Great Rache!! Just go SLOW AND EASY. There's no rush. Just plain old bone-in chicken (without added salt, sodium should be 80mg or less) for a couple weeks until stools are stabilized and they are eating well. Then you can slowly add in other proteins and eventually, you will get your organs in at 10% of the diet. Watch their stools.... if they are loose, add more bone. If they are chalky, really hard, or the dogs seem constipated, then more meat. Adjust their quantities based on their body condition. You want them lean, easier on their joints and knees and healthier for them. 

So happy for you!! Keep us posted.


----------



## 18453 (Feb 6, 2010)

You're welcome.. i'm really excited for you!!! You'll have to treat Vernon to some big old bones once a week so he has great teeth adn doesn't feel left out!! Flirt with the local butcher  

How was Billy??


----------



## rache (Nov 10, 2009)

Thanks tracy, I will do. 

I'm quite excited about this I must admit. x


----------



## Deme (Aug 18, 2009)

Hi Rache that is great adn I hope it all goes well for you, I had Jake on raw but after 2 1/2 weeks though he still ate he threw it straight back up again and after 5 days of htis I decided to go back to kibble and he's doing great on it.

But don't let that put you off, there is loads of great advice on here that I learnt a lot from even if I did worry over the least little thing lol

Keep us updated how things go 

Cheers

Deme x


----------



## Brodysmom (Jan 8, 2009)

rache said:


> Thanks tracy, I will do.
> 
> I'm quite excited about this I must admit. x


Just wait till you see the awesome changes. You will wonder how you were ever satisfied with kibble.  I get compliments on Brody's coat everywhere we go and people are always amazed when they ask what I feed and I say "raw". ha. So be prepared!!!


----------



## rache (Nov 10, 2009)

Billy was a bit stand offish to start with but is currently tucking into a bit of thigh bone! I didnt give Pixie any bone yet as i havent got any small enough. I will have a better look round tomorrow, think a trip to iceland is in store.


----------



## rache (Nov 10, 2009)

Deme said:


> Hi Rache that is great adn I hope it all goes well for you, I had Jake on raw but after 2 1/2 weeks though he still ate he threw it straight back up again and after 5 days of htis I decided to go back to kibble and he's doing great on it.
> 
> But don't let that put you off, there is loads of great advice on here that I learnt a lot from even if I did worry over the least little thing lol
> 
> ...


I followed your blog dawn. So I know how it didnt suit Jake, bless him. But we;ll see. I'm keeping my fingers crossed. x


----------



## rache (Nov 10, 2009)

Brodysmom said:


> Just wait till you see the awesome changes. You will wonder how you were ever satisfied with kibble.  I get compliments on Brody's coat everywhere we go and people are always amazed when they ask what I feed and I say "raw". ha. So be prepared!!!

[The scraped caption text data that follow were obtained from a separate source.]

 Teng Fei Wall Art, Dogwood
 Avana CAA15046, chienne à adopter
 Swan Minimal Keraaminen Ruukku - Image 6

people always comment on what a lovely colour Billy is but just lately I have noticed a difference in his coat, its gone dull and he has some dry skin. We have been vets and there is nothing really wrong with him. I cant wait to see it shining again x


----------



## 18453 (Feb 6, 2010)

Iceland is such a bargain for chicken ha ha ha ha!!! Try her on wings as they're small and great to start out with.. Daisy still has part of a wing or breast bone as she can't manage anything else yet!! 
She had quail last week (you're going to need to invest in a chopper to hack through it!!) and loved it.. the bones were all fine in that!!! 

We need pictures!!!!

Tracey can probably answer better, but don't they sometimes go through a detox???


----------



## jan896 (Dec 9, 2009)

rache said:


> think a trip to iceland is in store.


sorry, but that just sounds SO cool to me...... (no pun intended)


----------



## Quinn (Dec 11, 2008)

Yes detoxing is natural and can show up in a variety of symptoms, most noticed is diarrhea. 

Wings are ok to begin but very bone heavy so you don't want to do too many wing meals.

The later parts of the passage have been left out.